2019 Publications on the Letters to Timothy and Titus

Each year, we provide a list of scholarly publications from the previous year on the Pastorals. We’re a bit later than usual this year, but on the bright side, the list is therefore somewhat more complete! We’ve included several 2020 publications in the list as well, though only those which have already been published, and not those which are yet forthcoming.

Over 100 items long, the list casts its net rather broadly, and one of the aims of the exercise is to highlight research on the Pastorals in languages which are not typically engaged in English-language scholarship.

You can access the list by clicking here.

JSPL 9.1-2 (2019): “Special Issue: The Pastoral Epistles”

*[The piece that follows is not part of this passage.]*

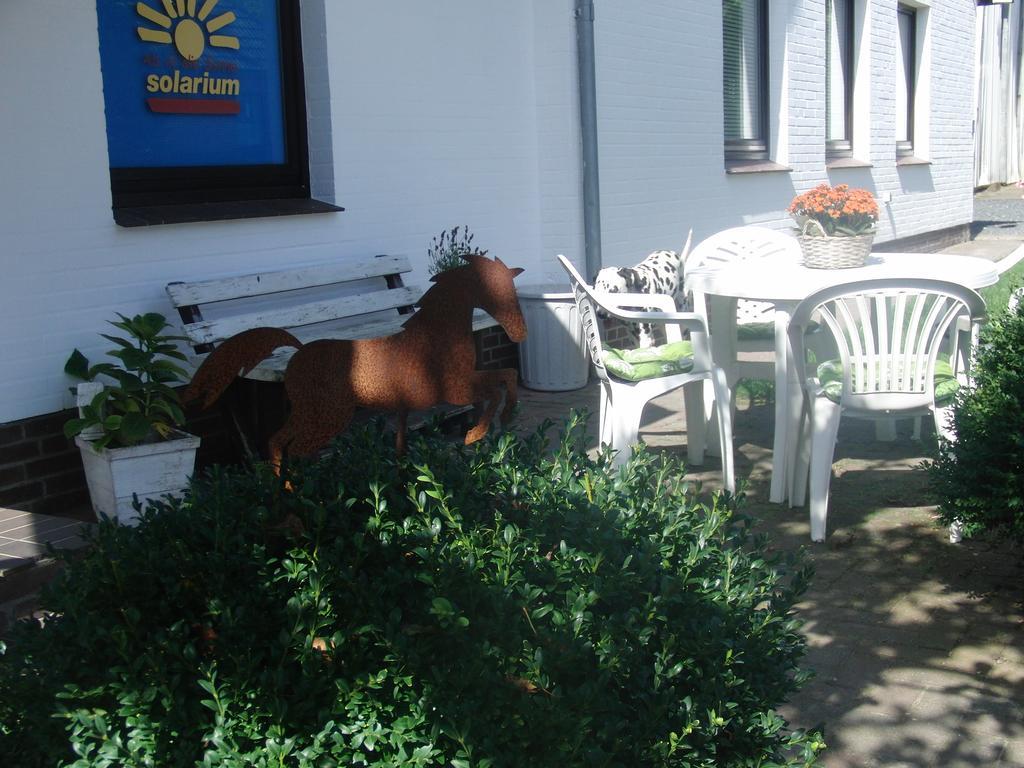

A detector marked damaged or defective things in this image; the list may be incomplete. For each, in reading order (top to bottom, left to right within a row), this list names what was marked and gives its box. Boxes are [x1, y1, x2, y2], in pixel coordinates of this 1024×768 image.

rusty horse sculpture [185, 254, 532, 468]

The most recent issue of Journal for the Study of Paul and His Letters contains presentations on the Pastorals from a specialist conference held in Leuven in November 2018. The theme of the conference was “The Pastoral Epistles: Common Themes, Individual Compositions?” (program).

The JSPL issue contains an editor’s introduction, and another introduction to the special issue. An opening essay by Jermo van Nes sets the stage, followed by four sets of essays and responses, and “concluding reflections” by editor Stanley Porter. You can view the contents here, and I’ve compiled the abstracts here.

Couser, “The Believer’s Judgment in 2 Timothy”

Greg Couser has produced a two-part article of interest for students of the Pastorals:

Couser, Gregory A. “The Believer’s Judgment in 2 Timothy, Part 1.” Bibliotheca Sacra 176.703 (2019): 312–26.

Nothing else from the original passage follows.